Irbesartan and Hydrochlorothiazide (Page 3 of 7)

6.2 Postmarketing Experience

The following adverse reactions have been identified during postapproval use of irbesartan and hydrochlorothiazide. Because these reactions are reported voluntarily from a population of uncertain size, it is not always possible to reliably estimate their frequency or establish a causal relationship to drug exposure. Decisions to include these reactions in labeling are typically based on one or more of the following factors: (1) seriousness of the reaction, (2) frequency of reporting, or (3) strength of causal connection to irbesartan and hydrochlorothiazide.

The following have been very rarely reported with irbesartan and hydrochlorothiazide monotherapies: urticaria, jaundice, hepatitis, thrombocytopenia, and impaired renal function including renal failure.

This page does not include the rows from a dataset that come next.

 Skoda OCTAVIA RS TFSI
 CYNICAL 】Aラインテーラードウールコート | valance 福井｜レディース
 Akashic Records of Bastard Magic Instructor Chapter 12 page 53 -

The following have been reported with irbesartan monotherapy: tinnitus, hyperkalemia, angioedema (involving swelling of the face, lips, pharynx, and/or tongue), anaphylactic reaction including anaphylactic shock, increased CPK and anemia.

The following have been reported with hydrochlorothiazide monotherapy: acute angle closure glaucoma, acute myopia and choroidal effusion.

Non-melanoma Skin Cancer

Hydrochlorothiazide is associated with an increased risk of non-melanoma skin cancer. In a study conducted in the Sentinel System, increased risk was predominantly for squamous cell carcinoma (SCC) and in white patients taking large cumulative doses. The increased risk for SCC in the overall population was approximately 1 additional case per 16,000 patients per year, and for white patients taking a cumulative dose of ≥50,000 mg the risk increase was approximately 1 additional SCC case for every 6,700 patients per year.

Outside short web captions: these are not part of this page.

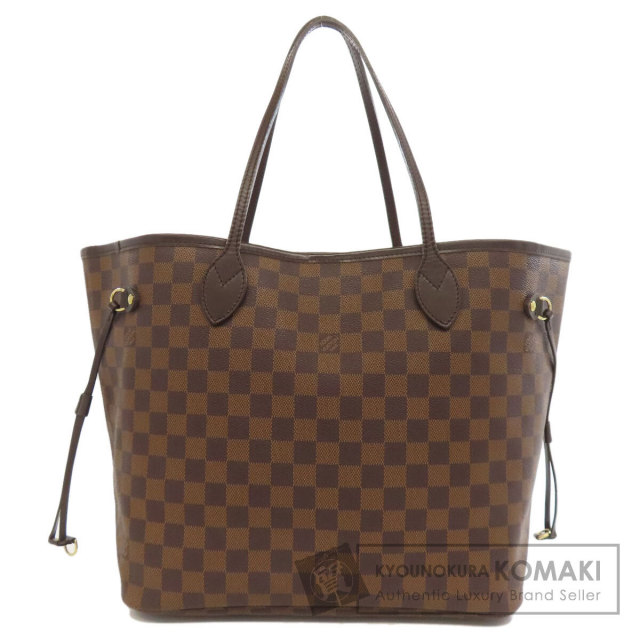 ルイヴィトン　ダミエ　ネヴァーフルMM トートバッグ　N51105 LOUIS VUITTON ルイヴィトン N51105 ネヴァーフルMM トート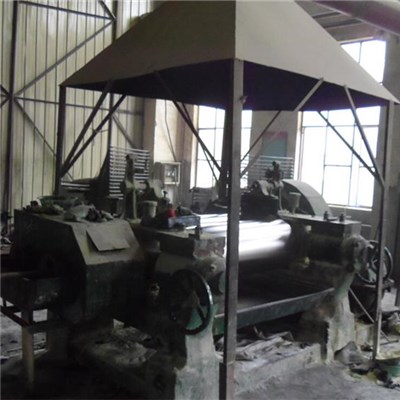 Rubber Compound Open Mill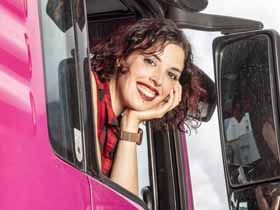 Trucker Babes Austria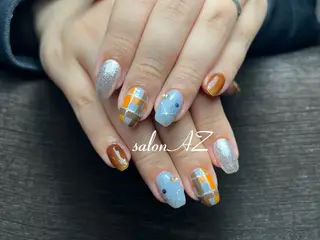 ネイル salon AZのネイルデザイン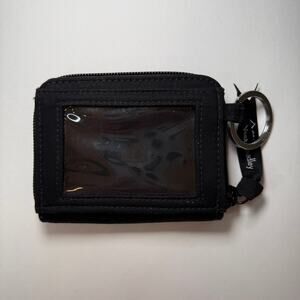 Vera Bradley Women's Petite Zip Around Card Wallet RFID Protection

6.3 Laboratory Abnormalities

In controlled clinical trials, clinically important changes in standard laboratory parameters were rarely associated with administration of irbesartan and hydrochlorothiazide.

Creatinine, Blood Urea Nitrogen : Minor increases in blood urea nitrogen (BUN) or serum creatinine were observed in 2.3% and 1.1%, respectively, of patients with essential hypertension treated with irbesartan and hydrochlorothiazide alone. No patient discontinued taking irbesartan and hydrochlorothiazide due to increased BUN. One patient discontinued taking irbesartan and hydrochlorothiazide due to a minor increase in serum creatinine.

Liver Function Tests: Occasional elevations of liver enzymes and/or serum bilirubin have occurred. In patients with essential hypertension treated with irbesartan and hydrochlorothiazide alone, one patient was discontinued due to elevated liver enzymes.

Serum Electrolytes: [see WARNINGS AND PRECAUTIONS (5.2, 5.6)].

7 DRUG INTERACTIONS

7.1 Nonsteroidal Anti-inflammatory Agents Including Selective Cyclooxygenase-2 Inhibitors (COX- 2 Inhibitors)

Irbesartan

In patients who are elderly, volume-depleted (including those on diuretic therapy), or with compromised renal function, coadministration of NSAIDs, including selective COX-2 inhibitors, with angiotensin II receptor antagonists, including irbesartan, may result in deterioration of renal function, including possible acute renal failure. These effects are usually reversible. Therefore, monitor renal function and blood pressure periodically in patients receiving irbesartan and NSAID therapy.

Hydrochlorothiazide

Administration of a non-steroidal anti-inflammatory agent, including a selective COX-2 inhibitor can reduce the diuretic, natriuretic, and antihypertensive effects of loop, potassium-sparing, and thiazide diuretics. Therefore, when irbesartan and hydrochlorothiazide tablets and non-steroidal anti-inflammatory agents are used concomitantly, the patient should be observed closely to determine if the desired effect of the diuretic is obtained.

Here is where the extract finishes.